I’m actually using the game instance to store variables that need to persist between levels; everything from inventory and NPC and player stats. The quest actors are mostly going to be for custom scripts to govern the various conditions that move the quest stage forward (with the game instance keeping track of the quest stage across levels), which in turn will govern the conditions and such of the actors involved in the quests. I was trying to put the logic about checking the whether dialogue topics are related to quests and stuff in the parent quest actor BP since I know most quests will get initialized through dialogue with NPCs.

Thanks for all your help. I’ll update if anything else comes up.

Okay, new problem.

I added a Delay Until Next Tick node after Event Begin Play node in the quest actor blueprint and it seems to be working now, because when I click on a quest-related dialogue topic, that Print String node fires with the Quest ID associated with the topic.

However, it seems to be firing three times for some reason (the quest id is “0000”).

image

The “Hello” is coming from the end of the logic that gets executed after I click on a dialogue topic, so I know that it’s only calling the bound event once.

The dialogue box only gets created once because it’s set to get created at begin play in the player character BP.
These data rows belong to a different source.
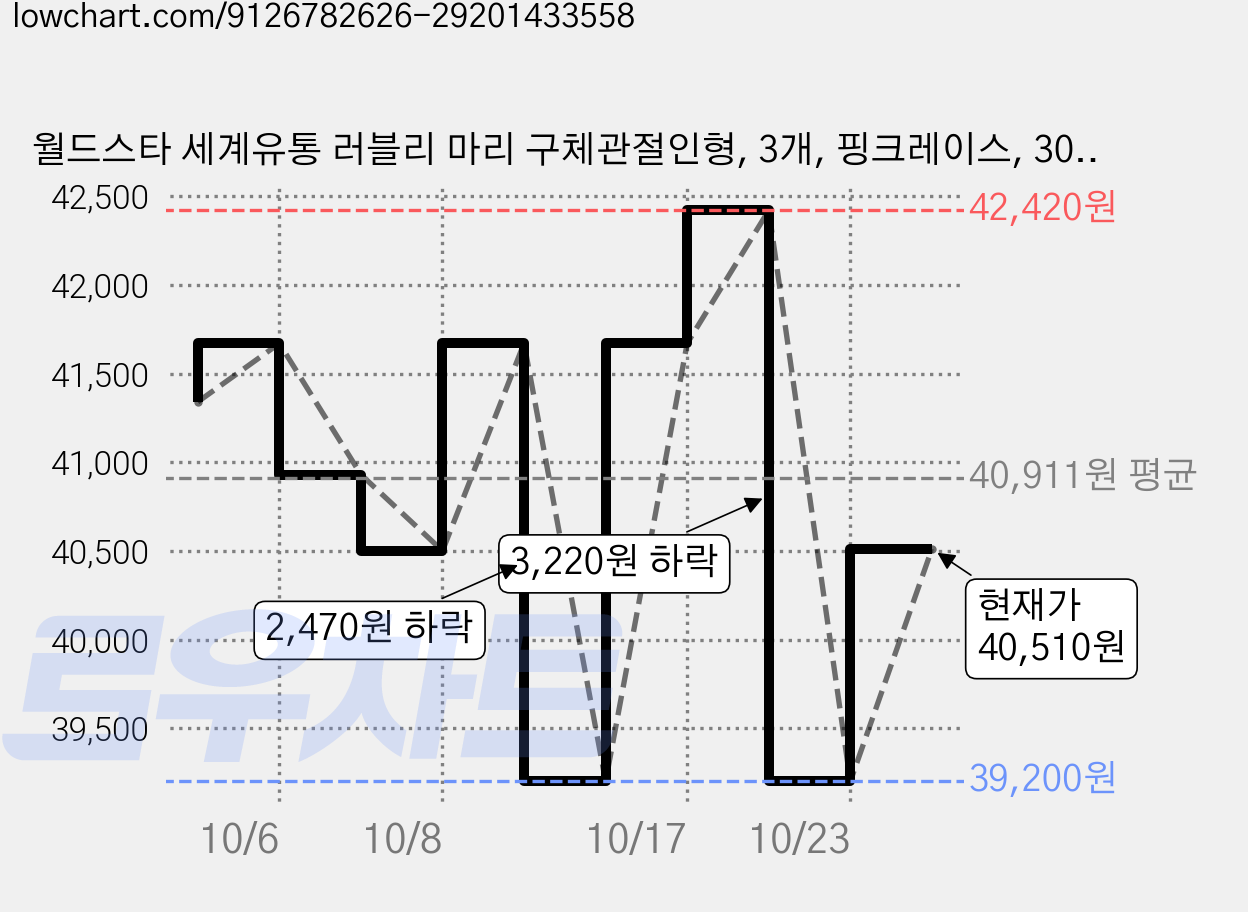 월드스타 세계유통 러블리 마리 구체관절인형, 3개, 핑크레이스, 30cm 가격 변동 차트, 현재가 40,510원, 관측 최저가 39,200원
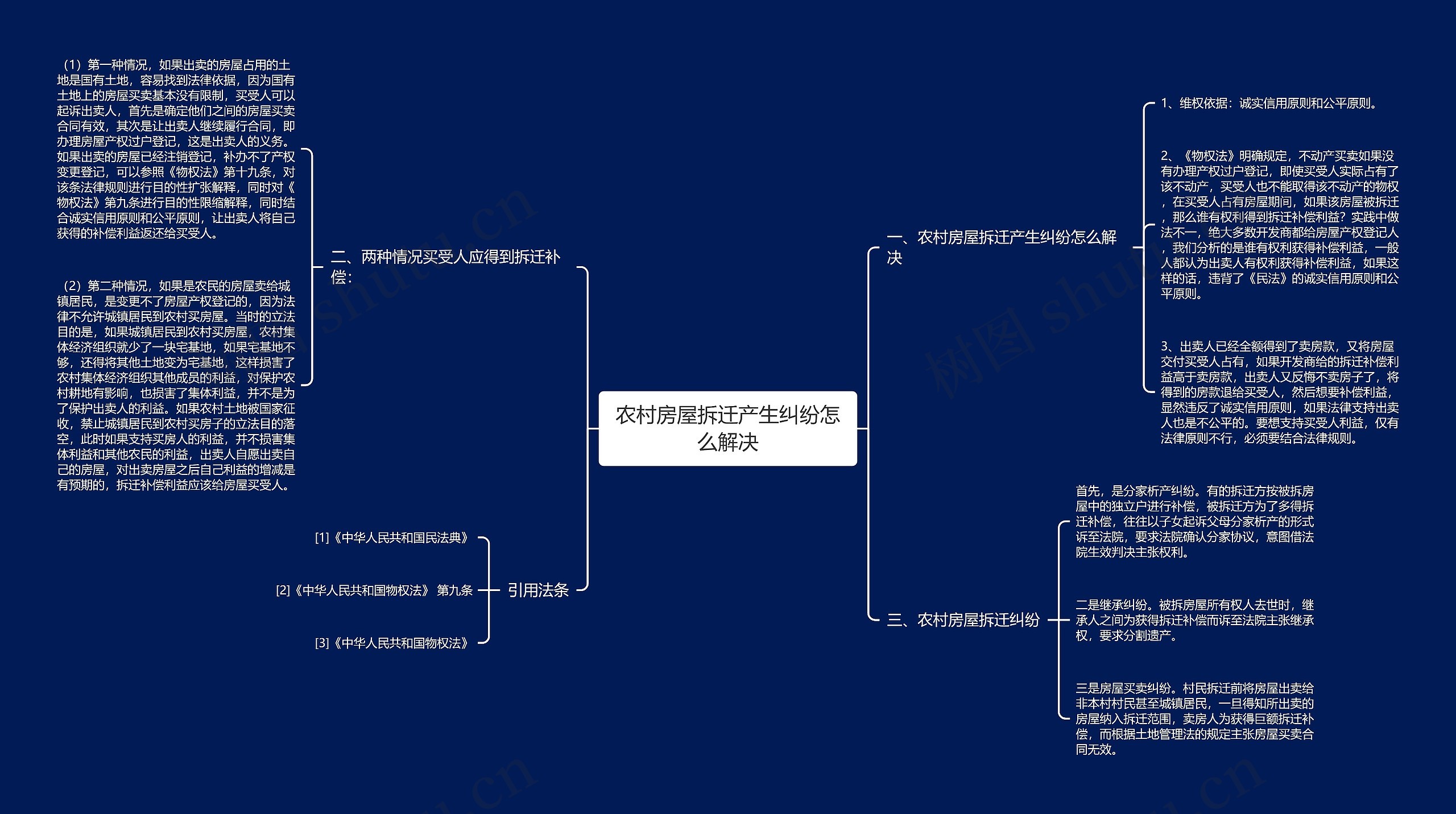 农村房屋拆迁产生纠纷怎么解决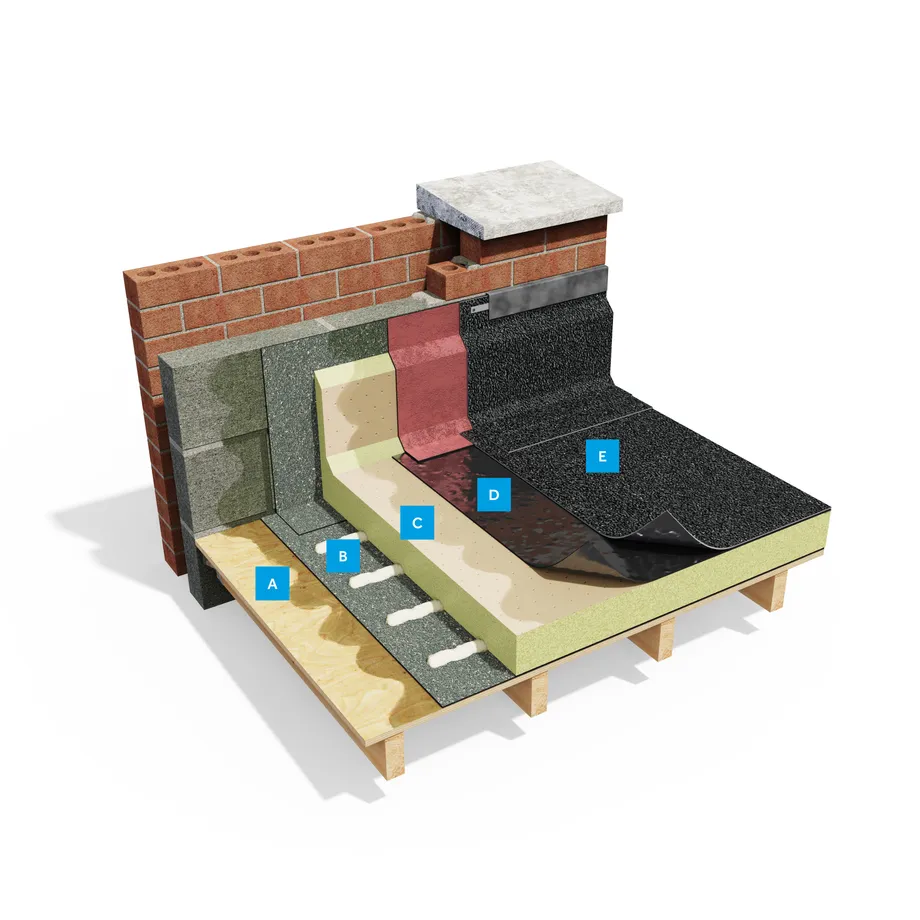 Top left image Warm Roof System - Blog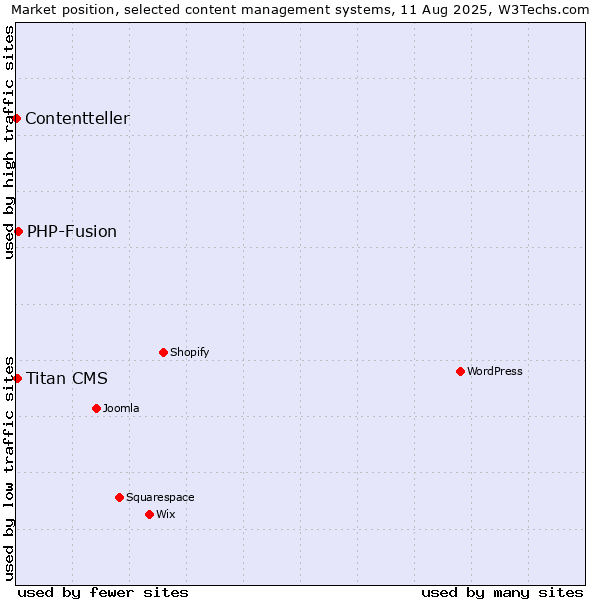 Market position of PHP-Fusion vs. Titan CMS vs. Contentteller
The only thing I can think of is that the Text widgets that get created in the Dialogue Box’s blueprint to represent the dialogue topics and parented to it are being counted as being members of its class, and the binding is happening three times, so when the call goes out it fires three times. For this NPC that would make sense: one dialogue box plus two topics = three “0000s.” Is that even possible though?

But that seems unlikely since they don’t get created until the NPC is spoken to and the dialogue box’s visibility is changed. E: I’m also only getting top-level widgets of this class, so even if the topic widgets counted as being of the W_DialogueBox class through inheritance, they shouldn’t be seen by that node.

If “Hello” is only printing once, then there’s only one event and only one widget (this part is working correctly), but three things bound to it. That would seem to indicate you have three quest actors in your level.

edit: You could put a print node after the Bind node to verify if this is true. If it only prints once, then dunno. I’d be surprised if the Get All Widgets node would have the same widget three times in its array. That would be very weird. But you could print the length of the array as well to see.

Also want to say I’m really happy to see you’ve made some progress. This is really good news.

Grazi mile, mate.

It turns out I’ve gotta rebuild my quest system to make it more dialogue intensive, but you’ve dropped some hard knowledge on me and I’m going to carry it with me.